The FCC plans to vote at its April 22 meeting on a draft third notice of proposed rulemaking that would propose harmonizing requirements for reporting network outages that affect 911 service and thus improving public safety.

The 911 outage draft item is one of eight items listed on the tentative agenda for the April 22 meeting released today (see separate stories.)

The NPRM proposes harmonizing “the time-frame, means, and frequency of notification from originating and covered 911 service providers to PSAPs [public safety answering points] about network disruptions. This includes requiring originating service providers to notify, via telephone and in writing through electronic means, potentially affected 911 facilities of an outage no later than 30 minutes of discovering the outage.

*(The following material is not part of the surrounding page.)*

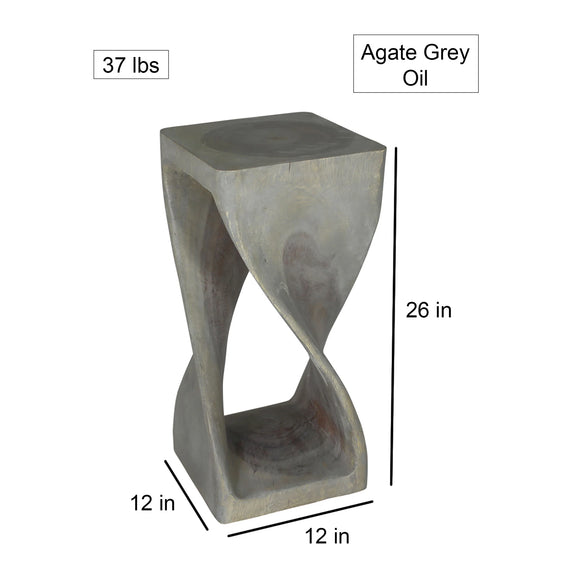 Size diagram of Agate Grey Original Twist hand-carved wood end table, 12 x 12 x 26 inches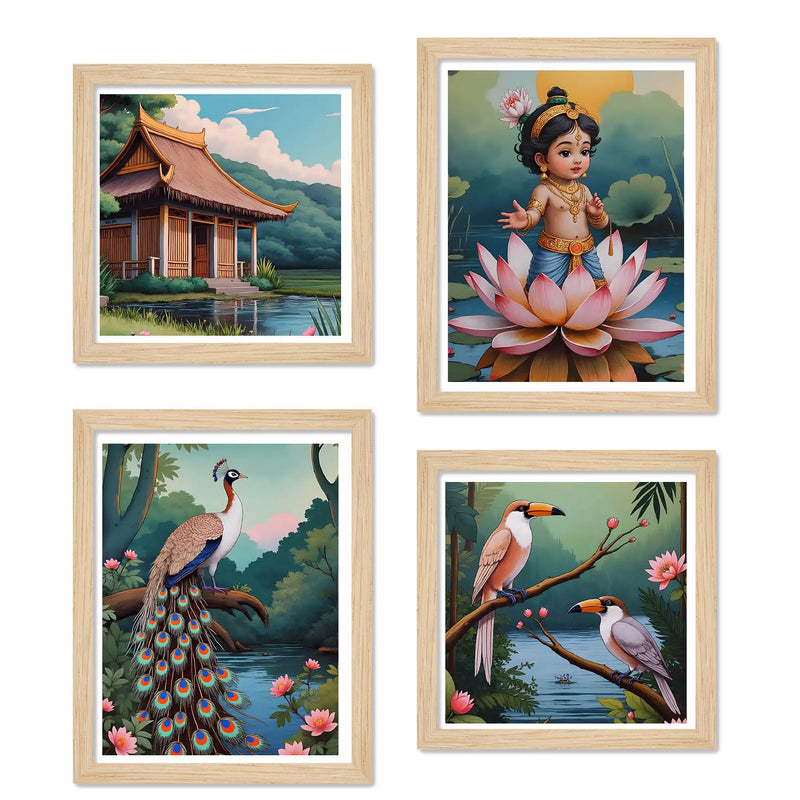 Spiritual Indian Wall Art Frame Set of 4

Also, as additional information becomes available, service providers would be required to communicate such information no later than two hours after the initial notification,” the FCC said in a fact sheet released with the draft NPRM today.

The draft item would also propose standardizing “the type of information conveyed to PSAPs, which includes ‘all available material information,’ such as name of the service provider(s) offering the notification and/or experiencing the outage, date and time when the incident began, communications services affected, and potential impact on PSAPs.”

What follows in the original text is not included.